» Exercise instructions
Exact copy, no pictures: output each line below as it stands.
+++
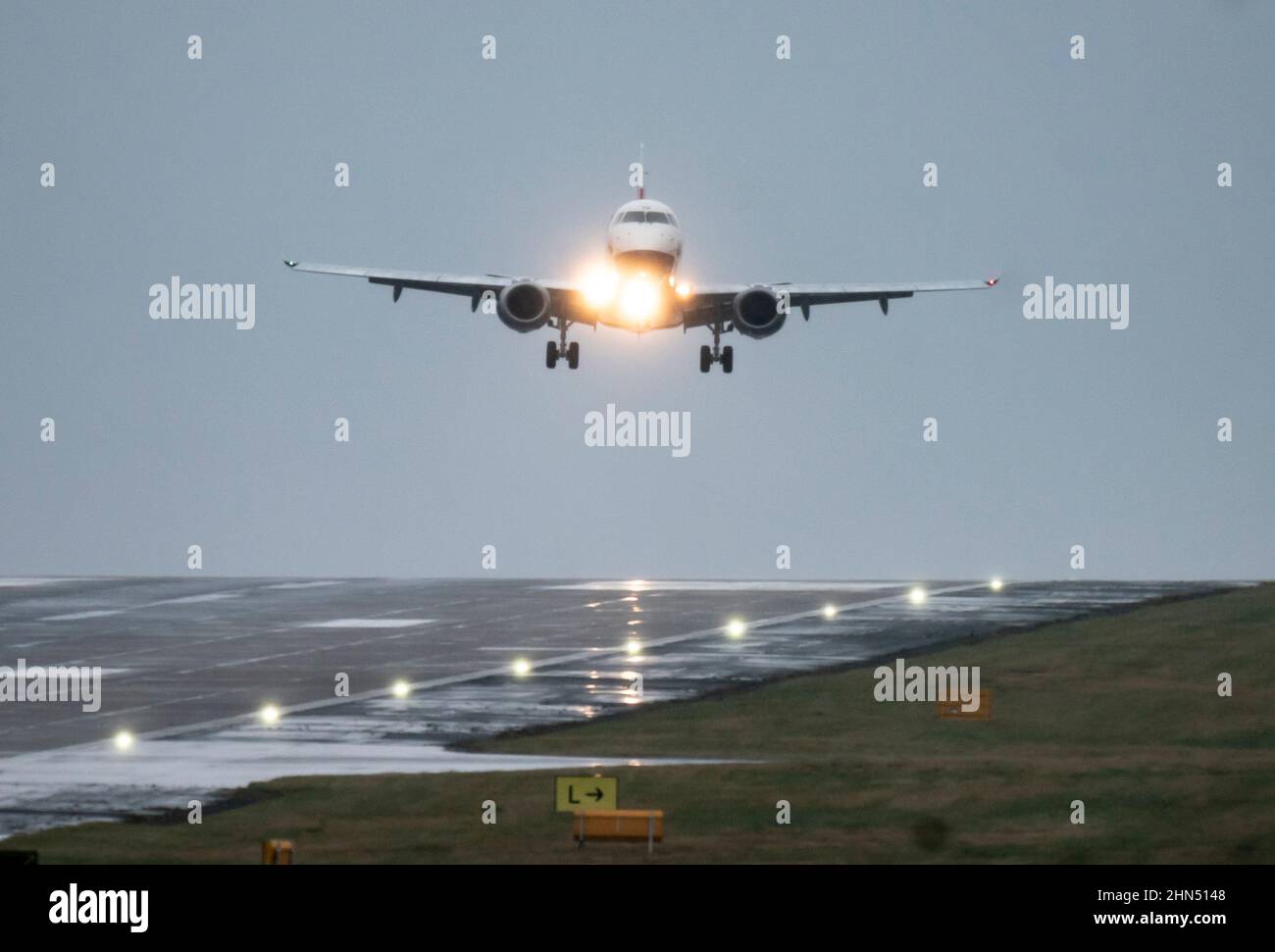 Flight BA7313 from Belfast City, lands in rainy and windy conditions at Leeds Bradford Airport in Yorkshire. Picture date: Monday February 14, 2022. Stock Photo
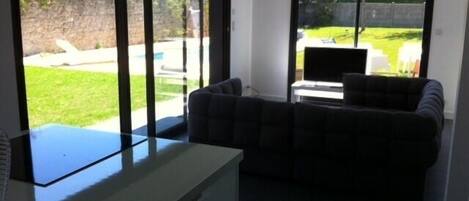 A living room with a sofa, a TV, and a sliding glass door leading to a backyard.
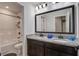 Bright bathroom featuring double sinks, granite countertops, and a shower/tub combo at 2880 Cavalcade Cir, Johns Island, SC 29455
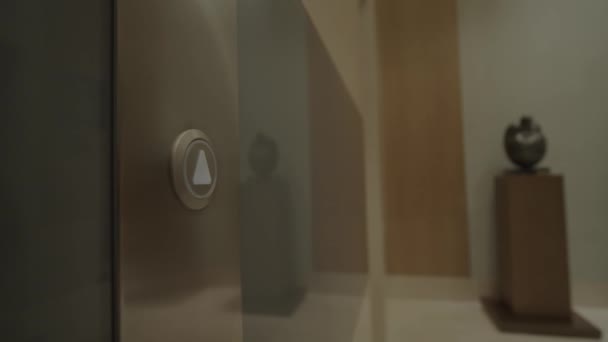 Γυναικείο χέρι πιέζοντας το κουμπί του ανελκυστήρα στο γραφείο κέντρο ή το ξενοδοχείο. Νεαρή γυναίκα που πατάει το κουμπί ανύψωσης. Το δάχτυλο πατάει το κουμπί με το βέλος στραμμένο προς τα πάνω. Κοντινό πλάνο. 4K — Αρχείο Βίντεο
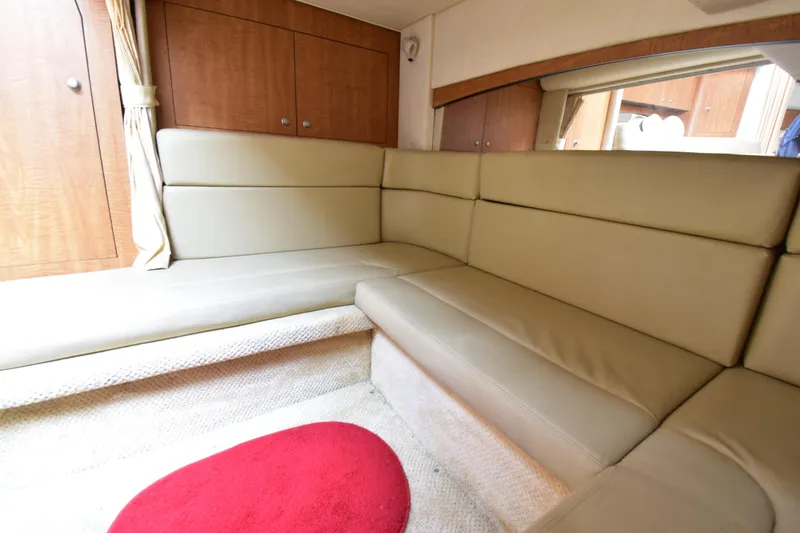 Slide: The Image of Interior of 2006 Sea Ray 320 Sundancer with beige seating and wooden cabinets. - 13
+++
» Answer below
 Flight BA7313 from Belfast City, lands in rainy and windy conditions at Leeds Bradford Airport in Yorkshire. Picture date: Monday February 14, 2022. Stock Photo
 A living room with a sofa, a TV, and a sliding glass door leading to a backyard.
 Bright bathroom featuring double sinks, granite countertops, and a shower/tub combo at 2880 Cavalcade Cir, Johns Island, SC 29455
 Γυναικείο χέρι πιέζοντας το κουμπί του ανελκυστήρα στο γραφείο κέντρο ή το ξενοδοχείο. Νεαρή γυναίκα που πατάει το κουμπί ανύψωσης. Το δάχτυλο πατάει το κουμπί με το βέλος στραμμένο προς τα πάνω. Κοντινό πλάνο. 4K — Αρχείο Βίντεο
 Slide: The Image of Interior of 2006 Sea Ray 320 Sundancer with beige seating and wooden cabinets. - 13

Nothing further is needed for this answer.